ヴァイマル共和国の教訓――分断された社会とポピュリズムとしてのナチズム

April 27, 2022

R-2021-095

※本稿は、2022年3月9日に開催されたウェビナー「歴史から考えるポピュリズム―戦間期ヨーロッパの経験から」で報告した内容の一部である。

「ヴァイマル状況」?
分断された社会
「国民政党」としてのナチ党

「ヴァイマル状況」?

近年、ドイツのメディアでは「ヴァイマル状況(Weimarer Verhältnisse)」や「ヴァイマルの亡霊(Gespenst von Weimar)」といった見出しをよく目にするようになった。ヴァイマル共和国(1919-1933年)とは、第一次世界大戦の敗戦と革命のなかで成立し、当時世界で最も先進的な民主憲法を備えていたドイツの共和政のことである。その共和政は、世界恐慌のなか左右の反体制勢力の挟撃に合い、ナチ政権の成立によって打ち倒された[1]。つまり、「ヴァイマル状況」という言葉が意味するのは、われわれの現在の状況がヴァイマル共和国と似ているのではないか、すなわち、民主政が危機にあり、ついには倒れてしまうのではないかという問いである。

その問いに対して、多くの論文、研究書、一般向け書籍が著されている。一例を挙げれば、筆者が小野寺拓也氏とともに監訳した『ナチズムは再来するのか?』(原題は『ヴァイマル状況?』)という本がある[2]。同書は、20174月から7月にかけてドイツのバイエルン放送と『フランクフルター・アルゲマイネ新聞』でメディアミックス的に展開された企画を書籍化したものであり、5人の歴史家と2人の政治学者がそれぞれの専門的知見に基づいて、現代とヴァイマル時代を比較したものである[3]

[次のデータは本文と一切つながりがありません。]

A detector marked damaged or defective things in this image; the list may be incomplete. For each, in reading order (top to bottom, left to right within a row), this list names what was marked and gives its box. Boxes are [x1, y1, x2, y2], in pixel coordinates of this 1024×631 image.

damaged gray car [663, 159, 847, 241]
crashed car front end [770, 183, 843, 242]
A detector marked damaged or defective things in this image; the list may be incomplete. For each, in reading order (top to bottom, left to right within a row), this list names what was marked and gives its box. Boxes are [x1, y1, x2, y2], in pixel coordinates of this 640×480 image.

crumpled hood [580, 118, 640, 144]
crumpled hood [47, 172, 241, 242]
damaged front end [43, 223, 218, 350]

そうした研究の成果については後述するとして、ここではまず、なぜ「ヴァイマル状況」という言説が出てきたかを確認したい[4]

ヴァイマル共和国と現代を比較する言説が頻繁に飛び交うようになったのは、およそ15年前である。まず2007年の世界金融危機が、1929年の世界恐慌との比較を誘発した。そうした新聞記事は検索で無数に見つかるが、たとえば2010517日の『南ドイツ新聞』には「1929年と2008年」という論説が掲載されている。また、ユーロ危機で示されたドイツの徹底的な緊縮志向は、容易にブリューニング内閣との連想を呼び起こし、各紙に「ヴァイマルの亡霊」という言葉が並んだ(ブリューニングは世界恐慌時の首相であり、議会ではなく大統領緊急令に依拠して危機を乗り切ろうとし、緊縮財政とデフレ政策を進め、かえって左右の反体制派の躍進を招いた)。

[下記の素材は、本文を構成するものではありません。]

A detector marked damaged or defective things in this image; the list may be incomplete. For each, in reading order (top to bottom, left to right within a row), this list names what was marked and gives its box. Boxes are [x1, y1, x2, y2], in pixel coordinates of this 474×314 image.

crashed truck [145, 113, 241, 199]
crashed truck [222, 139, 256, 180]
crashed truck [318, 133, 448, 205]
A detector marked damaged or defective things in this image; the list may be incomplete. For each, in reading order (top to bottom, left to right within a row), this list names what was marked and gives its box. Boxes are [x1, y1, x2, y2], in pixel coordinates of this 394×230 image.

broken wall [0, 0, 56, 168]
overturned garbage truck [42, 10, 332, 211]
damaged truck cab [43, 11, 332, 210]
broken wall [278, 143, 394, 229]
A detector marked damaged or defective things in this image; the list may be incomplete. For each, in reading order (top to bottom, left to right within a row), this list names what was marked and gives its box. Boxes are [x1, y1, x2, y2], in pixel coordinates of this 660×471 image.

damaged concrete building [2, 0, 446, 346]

そして、この10年でヴァイマルの類推は政治や社会の領域にまで広がった。ドイツにおいても「民主主義の危機」が危惧されたからに他ならない。それは、まずもって「ドイツのための選択肢(AfD)」の台頭に起因する。2013年に結成された同党は、当初は反ユーロ政党だったが、次第に右傾化・排外主義化を強め、とりわけ2015年の難民危機を背景に右翼ポピュリズム政党となり、勢力を伸ばした。2017年の連邦議会選挙では12.6%を獲得し、一気に第三党(結果的には野党第一党)に駆け上がり、21年の総選挙でも旧東側を中心に勢力を維持している。これで連邦議会に議席を有する主要政党は6党となり、中道の二大政党の凋落も相まって、多党化現象が生じた。

そうした政党政治レベルでの変容とともに、社会レベルでも排外主義が高まっていることが、いっそうヴァイマルとの比較をもっともらしいものにしている。たとえば、2014年にはイスラム系移民に対する排斥運動「ペギーダ(Pegida)」(正式名称は「西洋のイスラム化に反対する愛国的ヨーロッパ人」で、ペギーダはそのドイツ語の頭文字)が組織され、ドイツ社会の不安をかき立てた[5]

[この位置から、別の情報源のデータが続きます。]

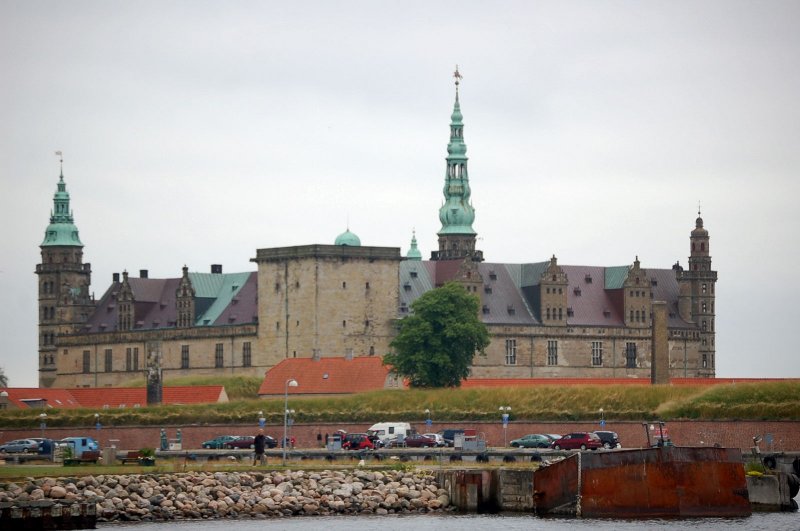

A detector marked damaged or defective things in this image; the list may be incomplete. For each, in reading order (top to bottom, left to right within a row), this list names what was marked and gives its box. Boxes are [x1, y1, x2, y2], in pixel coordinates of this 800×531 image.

rusted hull [536, 446, 752, 516]
rusty barge [536, 446, 752, 516]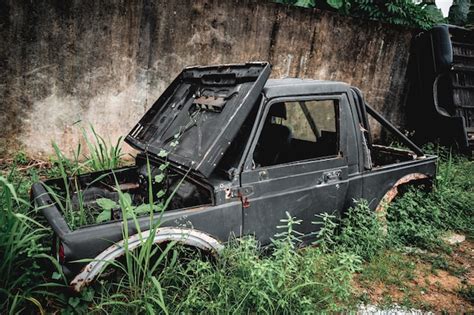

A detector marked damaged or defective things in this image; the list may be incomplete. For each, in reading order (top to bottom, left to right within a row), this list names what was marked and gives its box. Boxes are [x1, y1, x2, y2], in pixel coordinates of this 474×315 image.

rusted black body [29, 62, 436, 282]
abandoned pickup truck [30, 61, 436, 292]
rusted black body [408, 24, 474, 153]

さらに、AfDやペギーダの台頭と並行して、「人民の裏切り者(Volksverräter)」や「民族共同体(Volksgemeinschaft)」といった、ヴァイマル共和国およびナチ体制時代の遺物であり、とうの昔にドイツが「克服」したかに思われた語彙が復活した。こうした語彙を普及させるとともに、ペギーダやAfDの台頭に一役買っているのがFacebookTwitterなどのSNSである。後述するが、メディアや世論が分断され、そのなかで各陣営が「エコーチェンバー」によって、自分たちにしか通じない特定の思想や価値観を増幅させていく状況は、まさにヴァイマル時代と不気味に類似している。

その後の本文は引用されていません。